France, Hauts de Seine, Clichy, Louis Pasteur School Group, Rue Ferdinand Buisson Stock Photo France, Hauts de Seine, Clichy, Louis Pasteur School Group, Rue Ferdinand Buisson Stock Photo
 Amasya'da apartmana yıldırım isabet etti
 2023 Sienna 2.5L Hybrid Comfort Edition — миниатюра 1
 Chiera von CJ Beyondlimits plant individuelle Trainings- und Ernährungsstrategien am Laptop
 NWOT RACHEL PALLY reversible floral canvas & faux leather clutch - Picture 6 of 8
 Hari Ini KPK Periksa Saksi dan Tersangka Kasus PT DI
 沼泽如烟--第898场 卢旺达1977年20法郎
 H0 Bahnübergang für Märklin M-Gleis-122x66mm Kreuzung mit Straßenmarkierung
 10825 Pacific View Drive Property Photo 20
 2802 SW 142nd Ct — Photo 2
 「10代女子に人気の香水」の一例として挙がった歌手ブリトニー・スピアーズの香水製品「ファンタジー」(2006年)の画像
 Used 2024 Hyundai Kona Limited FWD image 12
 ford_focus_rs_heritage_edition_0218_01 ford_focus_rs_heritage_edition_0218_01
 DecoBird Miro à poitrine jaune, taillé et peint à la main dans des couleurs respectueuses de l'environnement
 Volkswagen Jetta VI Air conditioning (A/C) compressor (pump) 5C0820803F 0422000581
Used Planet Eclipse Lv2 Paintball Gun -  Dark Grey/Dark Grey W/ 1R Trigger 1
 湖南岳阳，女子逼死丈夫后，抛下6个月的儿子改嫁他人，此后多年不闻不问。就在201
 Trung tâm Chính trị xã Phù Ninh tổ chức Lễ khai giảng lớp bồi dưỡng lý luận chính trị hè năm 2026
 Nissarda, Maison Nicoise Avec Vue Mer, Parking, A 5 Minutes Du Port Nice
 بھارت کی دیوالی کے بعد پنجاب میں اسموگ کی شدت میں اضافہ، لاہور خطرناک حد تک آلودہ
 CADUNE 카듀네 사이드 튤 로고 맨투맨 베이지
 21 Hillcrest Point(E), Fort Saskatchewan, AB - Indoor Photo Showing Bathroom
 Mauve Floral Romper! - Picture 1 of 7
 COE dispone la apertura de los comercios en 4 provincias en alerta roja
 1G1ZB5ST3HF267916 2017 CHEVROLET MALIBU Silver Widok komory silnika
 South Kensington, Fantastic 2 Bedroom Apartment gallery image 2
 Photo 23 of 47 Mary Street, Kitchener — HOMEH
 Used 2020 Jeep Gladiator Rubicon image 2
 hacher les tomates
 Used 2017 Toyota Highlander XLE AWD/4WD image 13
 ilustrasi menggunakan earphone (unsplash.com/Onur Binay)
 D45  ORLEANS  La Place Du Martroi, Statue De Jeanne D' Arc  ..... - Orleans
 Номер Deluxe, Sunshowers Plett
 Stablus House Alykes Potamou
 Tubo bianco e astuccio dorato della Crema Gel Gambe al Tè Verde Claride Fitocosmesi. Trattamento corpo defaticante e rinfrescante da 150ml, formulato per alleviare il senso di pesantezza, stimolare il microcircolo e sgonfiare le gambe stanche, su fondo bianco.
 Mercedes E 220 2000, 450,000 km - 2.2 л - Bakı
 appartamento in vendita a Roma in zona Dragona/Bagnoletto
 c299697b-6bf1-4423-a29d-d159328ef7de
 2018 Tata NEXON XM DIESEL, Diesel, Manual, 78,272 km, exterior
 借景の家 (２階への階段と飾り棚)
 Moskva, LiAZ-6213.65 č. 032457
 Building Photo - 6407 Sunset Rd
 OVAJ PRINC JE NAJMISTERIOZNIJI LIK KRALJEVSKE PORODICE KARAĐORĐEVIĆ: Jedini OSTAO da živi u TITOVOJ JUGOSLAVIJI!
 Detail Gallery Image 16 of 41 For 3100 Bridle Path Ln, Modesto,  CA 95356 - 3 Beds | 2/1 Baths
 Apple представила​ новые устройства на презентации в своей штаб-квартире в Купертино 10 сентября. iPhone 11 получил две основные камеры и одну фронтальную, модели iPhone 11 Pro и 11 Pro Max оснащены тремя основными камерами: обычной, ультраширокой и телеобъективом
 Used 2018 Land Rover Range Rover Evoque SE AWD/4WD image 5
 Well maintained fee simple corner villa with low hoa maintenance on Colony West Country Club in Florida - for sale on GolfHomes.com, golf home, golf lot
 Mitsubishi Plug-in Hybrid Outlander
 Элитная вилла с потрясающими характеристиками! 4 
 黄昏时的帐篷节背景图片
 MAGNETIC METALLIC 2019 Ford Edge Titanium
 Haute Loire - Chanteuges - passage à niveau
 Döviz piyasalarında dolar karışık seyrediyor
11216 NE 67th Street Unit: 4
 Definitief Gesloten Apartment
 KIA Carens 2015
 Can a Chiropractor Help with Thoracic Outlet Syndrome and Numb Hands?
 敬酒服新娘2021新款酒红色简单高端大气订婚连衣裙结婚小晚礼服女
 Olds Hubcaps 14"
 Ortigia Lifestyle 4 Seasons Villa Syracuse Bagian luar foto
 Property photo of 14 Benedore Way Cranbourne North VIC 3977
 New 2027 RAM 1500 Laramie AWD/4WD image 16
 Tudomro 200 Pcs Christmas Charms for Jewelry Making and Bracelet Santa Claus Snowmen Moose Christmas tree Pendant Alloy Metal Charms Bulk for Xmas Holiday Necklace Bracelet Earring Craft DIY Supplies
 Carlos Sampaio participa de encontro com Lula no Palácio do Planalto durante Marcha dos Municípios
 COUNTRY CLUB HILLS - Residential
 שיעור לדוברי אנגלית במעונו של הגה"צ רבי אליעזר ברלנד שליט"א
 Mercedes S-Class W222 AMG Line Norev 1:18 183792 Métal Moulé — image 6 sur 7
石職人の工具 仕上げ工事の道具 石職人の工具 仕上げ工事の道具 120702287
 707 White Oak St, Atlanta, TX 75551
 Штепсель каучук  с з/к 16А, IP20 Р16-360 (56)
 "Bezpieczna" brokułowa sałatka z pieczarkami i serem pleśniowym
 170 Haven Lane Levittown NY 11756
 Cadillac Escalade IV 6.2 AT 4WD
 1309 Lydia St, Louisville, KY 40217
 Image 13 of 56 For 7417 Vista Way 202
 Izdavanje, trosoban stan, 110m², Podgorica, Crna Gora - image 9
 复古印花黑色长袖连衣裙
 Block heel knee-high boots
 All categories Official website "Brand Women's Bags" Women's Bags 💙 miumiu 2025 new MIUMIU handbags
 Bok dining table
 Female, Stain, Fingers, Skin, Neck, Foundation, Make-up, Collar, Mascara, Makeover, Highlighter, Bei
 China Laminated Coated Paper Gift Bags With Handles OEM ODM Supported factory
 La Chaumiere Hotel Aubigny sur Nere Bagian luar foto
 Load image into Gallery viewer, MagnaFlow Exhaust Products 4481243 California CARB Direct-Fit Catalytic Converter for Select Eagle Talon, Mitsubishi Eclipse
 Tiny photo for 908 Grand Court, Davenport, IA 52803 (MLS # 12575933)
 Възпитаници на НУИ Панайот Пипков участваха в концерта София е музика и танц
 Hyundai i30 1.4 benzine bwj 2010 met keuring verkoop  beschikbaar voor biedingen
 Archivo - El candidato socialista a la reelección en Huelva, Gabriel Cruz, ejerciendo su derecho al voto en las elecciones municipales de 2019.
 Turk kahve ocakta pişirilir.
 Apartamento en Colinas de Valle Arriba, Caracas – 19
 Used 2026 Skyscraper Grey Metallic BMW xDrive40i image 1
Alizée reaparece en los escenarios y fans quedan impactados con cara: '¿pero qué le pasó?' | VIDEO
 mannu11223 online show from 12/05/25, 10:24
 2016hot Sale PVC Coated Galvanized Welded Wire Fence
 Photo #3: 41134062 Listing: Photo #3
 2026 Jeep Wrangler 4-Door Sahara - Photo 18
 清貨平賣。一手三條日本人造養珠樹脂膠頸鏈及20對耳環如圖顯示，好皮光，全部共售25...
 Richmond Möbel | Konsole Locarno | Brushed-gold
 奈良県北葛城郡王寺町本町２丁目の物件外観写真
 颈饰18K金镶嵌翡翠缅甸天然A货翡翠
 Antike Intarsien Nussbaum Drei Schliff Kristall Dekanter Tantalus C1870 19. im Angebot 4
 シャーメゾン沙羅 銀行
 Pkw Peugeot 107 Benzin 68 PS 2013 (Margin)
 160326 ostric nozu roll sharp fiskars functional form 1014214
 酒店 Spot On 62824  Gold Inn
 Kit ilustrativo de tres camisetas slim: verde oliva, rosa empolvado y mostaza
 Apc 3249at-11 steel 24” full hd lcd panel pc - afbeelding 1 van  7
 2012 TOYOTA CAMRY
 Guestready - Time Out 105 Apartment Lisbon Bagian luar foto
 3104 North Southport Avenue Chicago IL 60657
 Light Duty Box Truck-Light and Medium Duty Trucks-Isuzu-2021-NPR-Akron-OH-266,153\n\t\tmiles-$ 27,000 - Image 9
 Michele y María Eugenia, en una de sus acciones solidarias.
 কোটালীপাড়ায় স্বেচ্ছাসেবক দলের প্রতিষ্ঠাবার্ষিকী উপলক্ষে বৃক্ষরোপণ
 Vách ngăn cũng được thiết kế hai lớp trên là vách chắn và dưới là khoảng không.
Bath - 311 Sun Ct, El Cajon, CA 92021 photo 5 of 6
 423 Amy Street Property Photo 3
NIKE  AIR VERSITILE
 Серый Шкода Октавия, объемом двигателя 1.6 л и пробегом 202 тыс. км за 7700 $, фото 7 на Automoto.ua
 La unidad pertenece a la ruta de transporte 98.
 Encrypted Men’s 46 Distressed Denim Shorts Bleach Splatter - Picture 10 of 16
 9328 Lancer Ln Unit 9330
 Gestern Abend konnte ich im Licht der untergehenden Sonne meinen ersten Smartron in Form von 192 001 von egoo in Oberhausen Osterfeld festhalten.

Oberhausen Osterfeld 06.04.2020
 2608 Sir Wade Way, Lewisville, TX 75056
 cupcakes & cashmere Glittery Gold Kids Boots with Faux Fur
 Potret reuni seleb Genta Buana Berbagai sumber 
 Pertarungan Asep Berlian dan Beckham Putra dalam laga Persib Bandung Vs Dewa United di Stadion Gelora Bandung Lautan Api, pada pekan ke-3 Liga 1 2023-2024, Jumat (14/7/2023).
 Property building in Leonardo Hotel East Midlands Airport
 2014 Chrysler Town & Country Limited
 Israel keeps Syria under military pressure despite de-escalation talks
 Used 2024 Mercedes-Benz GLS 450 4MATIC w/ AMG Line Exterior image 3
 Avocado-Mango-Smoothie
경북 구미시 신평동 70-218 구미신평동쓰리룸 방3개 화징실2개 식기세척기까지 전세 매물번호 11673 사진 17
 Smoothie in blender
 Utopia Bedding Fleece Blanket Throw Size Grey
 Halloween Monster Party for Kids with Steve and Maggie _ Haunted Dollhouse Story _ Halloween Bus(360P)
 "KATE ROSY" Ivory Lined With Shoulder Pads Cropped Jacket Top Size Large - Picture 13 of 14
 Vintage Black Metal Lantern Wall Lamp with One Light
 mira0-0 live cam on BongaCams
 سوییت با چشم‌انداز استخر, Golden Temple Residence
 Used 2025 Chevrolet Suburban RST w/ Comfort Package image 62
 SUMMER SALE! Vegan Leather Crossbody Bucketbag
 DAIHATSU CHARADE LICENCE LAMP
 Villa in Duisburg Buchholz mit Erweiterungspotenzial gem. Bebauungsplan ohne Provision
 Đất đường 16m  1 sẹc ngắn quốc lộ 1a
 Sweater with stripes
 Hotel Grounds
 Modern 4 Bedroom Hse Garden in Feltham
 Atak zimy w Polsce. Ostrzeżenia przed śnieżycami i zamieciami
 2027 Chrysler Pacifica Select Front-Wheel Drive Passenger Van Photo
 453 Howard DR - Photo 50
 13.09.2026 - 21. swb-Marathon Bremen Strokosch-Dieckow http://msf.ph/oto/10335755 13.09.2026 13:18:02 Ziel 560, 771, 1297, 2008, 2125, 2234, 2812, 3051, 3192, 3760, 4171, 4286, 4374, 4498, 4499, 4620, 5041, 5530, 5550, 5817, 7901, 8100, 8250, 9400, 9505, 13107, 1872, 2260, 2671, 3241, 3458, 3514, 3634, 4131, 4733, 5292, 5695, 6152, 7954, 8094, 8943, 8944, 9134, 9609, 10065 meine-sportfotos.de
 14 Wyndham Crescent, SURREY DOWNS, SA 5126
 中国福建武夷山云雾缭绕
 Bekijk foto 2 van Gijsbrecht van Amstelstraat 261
_ _ _ _
* Your goal *
Wherever the line holding "10825 Pacific View Drive Property Photo 20" falls in the entries above, copy exactly from it through the line holding "South Kensington, Fantastic", inclusive, and add nothing.

* Problem solution *
 10825 Pacific View Drive Property Photo 20
 2802 SW 142nd Ct — Photo 2
 「10代女子に人気の香水」の一例として挙がった歌手ブリトニー・スピアーズの香水製品「ファンタジー」(2006年)の画像
 Used 2024 Hyundai Kona Limited FWD image 12
 ford_focus_rs_heritage_edition_0218_01 ford_focus_rs_heritage_edition_0218_01
 DecoBird Miro à poitrine jaune, taillé et peint à la main dans des couleurs respectueuses de l'environnement
 Volkswagen Jetta VI Air conditioning (A/C) compressor (pump) 5C0820803F 0422000581
Used Planet Eclipse Lv2 Paintball Gun -  Dark Grey/Dark Grey W/ 1R Trigger 1
 湖南岳阳，女子逼死丈夫后，抛下6个月的儿子改嫁他人，此后多年不闻不问。就在201
 Trung tâm Chính trị xã Phù Ninh tổ chức Lễ khai giảng lớp bồi dưỡng lý luận chính trị hè năm 2026
 Nissarda, Maison Nicoise Avec Vue Mer, Parking, A 5 Minutes Du Port Nice
 بھارت کی دیوالی کے بعد پنجاب میں اسموگ کی شدت میں اضافہ، لاہور خطرناک حد تک آلودہ
 CADUNE 카듀네 사이드 튤 로고 맨투맨 베이지
 21 Hillcrest Point(E), Fort Saskatchewan, AB - Indoor Photo Showing Bathroom
 Mauve Floral Romper! - Picture 1 of 7
 COE dispone la apertura de los comercios en 4 provincias en alerta roja
 1G1ZB5ST3HF267916 2017 CHEVROLET MALIBU Silver Widok komory silnika
 South Kensington, Fantastic 2 Bedroom Apartment gallery image 2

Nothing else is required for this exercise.